Without big improvements is possible some optimization as explained here:
Current external sort
sorted_files = sorted files generated by previous steps F = count of partial sorted files f_cur_pos = position on file_f to read next block while !eof of sorted files { for each file in sorted_files (k) { // loop -a- new_block = read block from file f at pos f_cur_pos if( new_block < min_block){ min_block = new_block file_index = k } } increment f_cur_pos[file_index] write min_block to target_file }
the loop -a- at each iteration read one block from any files involved, at the end it read sequentially F blocks. In this way If we have to merge M elements, spreads in F files, the number of read is of M*F and the num of write is M. BUT always looking at the loop(a), at the next round, it read again F block but just one is changed, because at the previous loop only the f_cur_pos[file_index] is changed, and, is the position of the file from which the min was got. Therefore it's possible to avoid F reads at each loop, and just do F read at first loop and only one read in the followings. The F elements should be stored in memory. In this case the number of read will be of F+M-1.
Levaragin on seastar framework
Bigsort work on a big file that cannot be stored in memory, the input is split in loadable partition to be processed in memory and produce intermediate sorted files. The final step of bigsort (phase 4) merge these files working mainly on the disk and loading in memory few elements. With seastar framework it should be possible a further level of partitioning of the input file and therefore process any partition on its shard. For example with a 4 core cpu, it's possible to have 4 shards and partitioning the file in 4 smallel files. At the end of bigsort on each shard we have a sorted file related to its input file (a partition of the origin file).

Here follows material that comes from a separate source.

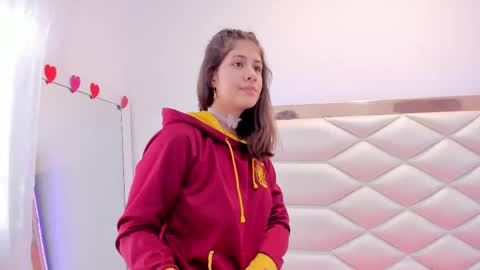 Snapshot of miaqueen021 chatting on February 2025 06:58:02 PM Sweetie Mia online show from February 2025 06:58:02 PM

The advantage is that the algo works in parallel on any partition by its own cpu.
The drawback is that another step of merge is required to merge the results of each shard and this final task must be done on a single shard.
A possible optimization to avoid the drawback, but needs more info and investigation, could be to avoid this final merge and perform the k-way merge of any shard directly to the target file.
To better explain the algo, when any shard starts the phase 4, instead of write the min to its local file could send it to a coordinator. Coordinator is a shard that collect min blocks, and wait exactly ncore blocks before write the min to target file. Therefore the coordinator needs to receive data from other shards, the cost for share data must be evaluated. But I guess that this option invalidate the shared-nothing constraint.